Kitchin completed his secondary education in the Quinton area of Birmingham and at the age of fourteen became an apprentice to the woodwork trade, specialising in joinery, constructing ammunitions boxes and correcting those of others that did not meet the stringent standards of the Ministry of Defence. It was whilst working as a joiner that he made his first attempts at carving the human figure. Reflecting on this early desire to carve, Kitchin has described how he chanced upon images of sculpture in the pages of the Encyclopædia Britannica his mother had bought for him to look at pictures of aircraft.
At the age of eighteen, with the Second World War in full momentum, Kitchin was conscripted to work in the coalmines as a ‘Bevin Boy’. Conditions in the mines proved particularly harsh and within only three days he went absent without leave. Following his eventual arrest and deportation to Ireland, Kitchin re-conscripted, putting his skills to use with the Royal Electrical and Mechanical Engineers with whom he served three years from 1945-48.

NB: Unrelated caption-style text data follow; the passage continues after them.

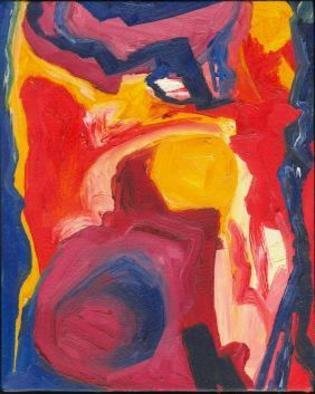 Robert H. Stockton: 'The Sun At Three Penny Ridge', 2000 Oil Painting, Abstract. The idea for this small oil painting came from hiking in the Cascade Mountains of the Pacific Northwest on a beautiful summer day....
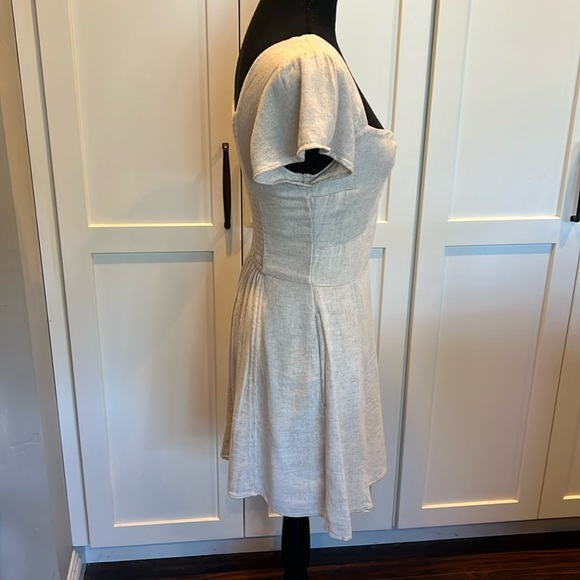 Abercrombie & Fitch Beige Linen Mini Dress XS - Picture 5 of 9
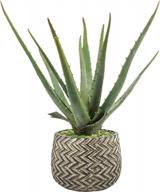 ferrisland's realistic aloe plant: large artificial succulent in antique cement pot for home or office decor, 14 inches tall logo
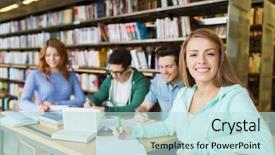  Presentation with academic writing - Presentation design consisting of academic research - people knowledge education and school background and a soft green colored foreground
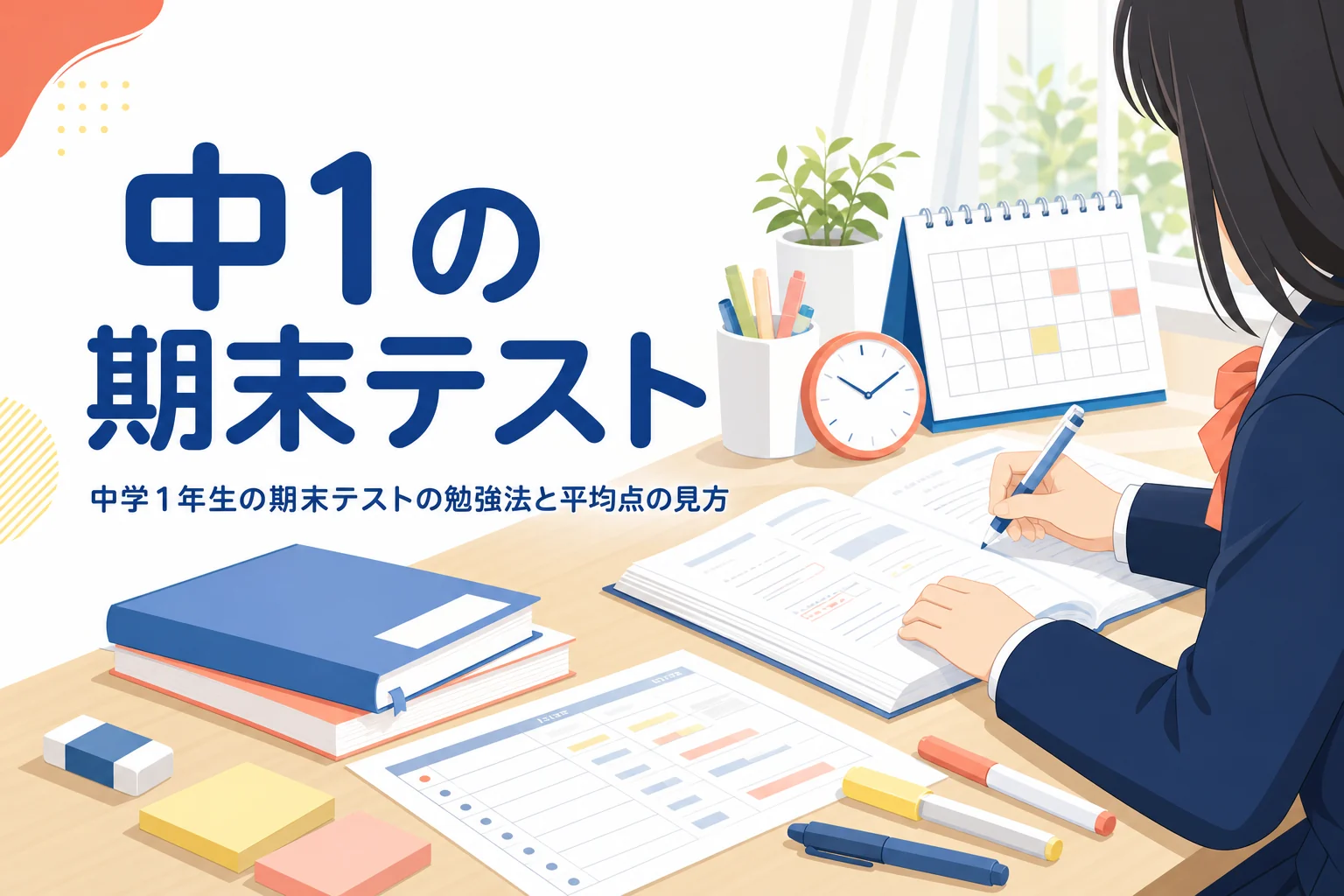 中学1年生の期末テストの教科別の勉強法と平均点の考え方を解説する記事のアイキャッチ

Later, reflecting on this period of his life with the R.E.M.E., Kitchin acknowledged it had not been entirely wasted. He had learnt many skills and techniques that would prove useful for his sculpture. Following his military discharge in 1948 Kitchin became a student of sculpture at Birmingham School of Art and Design, lasting only until the end of the first term. In that short period at college the Head of Sculpture William Bloye was so impressed by Kitchin’s abilities that he asked him to become his full-time assistant. Without the means to pay for the course Kitchin accepted the role. With Bloye, Kitchin gained experience working on large-scale sculptures and neo-classical architectural decoration.